2 min read

Write characters better with an emotional needs image board

Every character in a story needs to have some emotional needs they are acting from. For example: Respect, validation, safety, control, order, comfort, amusement, a feeling of competence, responsibility, protecting another, curiosity, fascination, obsession, compulsion, excitement, change, competition, mastery, skillfulness, challenge, justice, revenge, fairness, freedom, space, breathing room, independence, meaning, authenticity, responsibility, personal autonomy, sacredness, or profanity. There are tons of different possibilities, and each character in a story will have their own typical mix. But because there are so many possibilities, I find it hard to orient to this long list of words as anything useful.

I've found an image board/thread useful for orienting to the possibilities. This is simple to put together:

  1. I created a page in Logseq for examples and one bullet per broad group of emotional needs. For example: "Superiority/hierarchy/authority," or "Excellence/excitement/competition/challenge. Mastery, skillfulness." Whatever list of needs you come up with, group it however makes sense to you.
  2. Under each gruop-of-needs bullet, I then listed as sub-bullets a mix of relevant real-life experiences, and fictional characters and contexts. For example: Under "Excellence/excitement/..." I made separate sub-bullets for Gon Freecss, Killua, and Hisoka from Hunter X Hunter. Each of these characters represents a slightly differnt angle on the need for excellence, excitement, competition, and challenge.
  3. I then collected images to match each fictional character bullet.
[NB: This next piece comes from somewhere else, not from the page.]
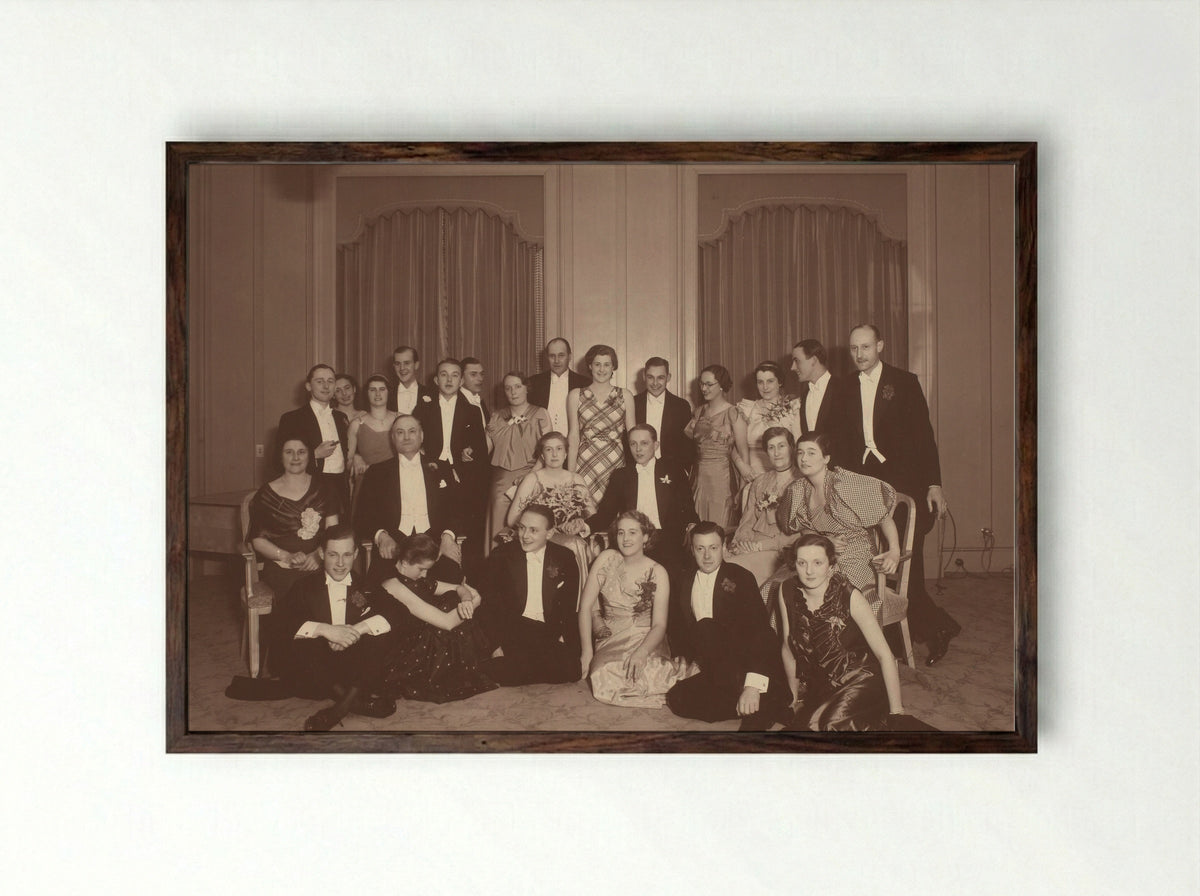 Group Portrait at a Formal Gathering - Eva Charlotte Pennink-Boelen - Framed Print Dark Wood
To do this I went to Duck Duck Go, searched for the character name, the show name if needed, and any other keywords I need to narrow down the show.* I then saved any images that seemed appropriate for the thread given the emotional need of "excellence/excitement/...". So now I have a list of "need for excellence/excitement/..." images for Gon Freecs, for Killua, and for Hisoka, each list under the appropriate bullet.
  4. Generally I aimed to have three familiar examples and images in each need-group. This isn't necessary however, and I definitely didn't get there for every group.
  5. For each group of emotional needs, pick one image to use as the "cover image." Also not necessary, but makes the list a little nicer to skim. Best to pick smaller images here if possible.
  6. Optionally collapse all the emotional need group bullets. Makes things easier to scroll.
  7. You're done.

I expect to use the top level outline and images much more often than the sub-bullets. It's nice though to have made the sub-bullets. Each sub-bullet and each image adds a little more nuance and possiblity to that group of needs. The nuance may be good to reference sometimes, but it also seems useful simply to have examined each example in some detail. Overall I expect this to help with grounding what my characters want in emotional needs.


*Sometimes I also filched images from IMDB by manually examining the HTML to get an image URL (fair use!). To save on storage space I also downscaled most images as much as possible while keeping them recognizable. Generally I downscaled to 300 or 400 pixels on the largest side.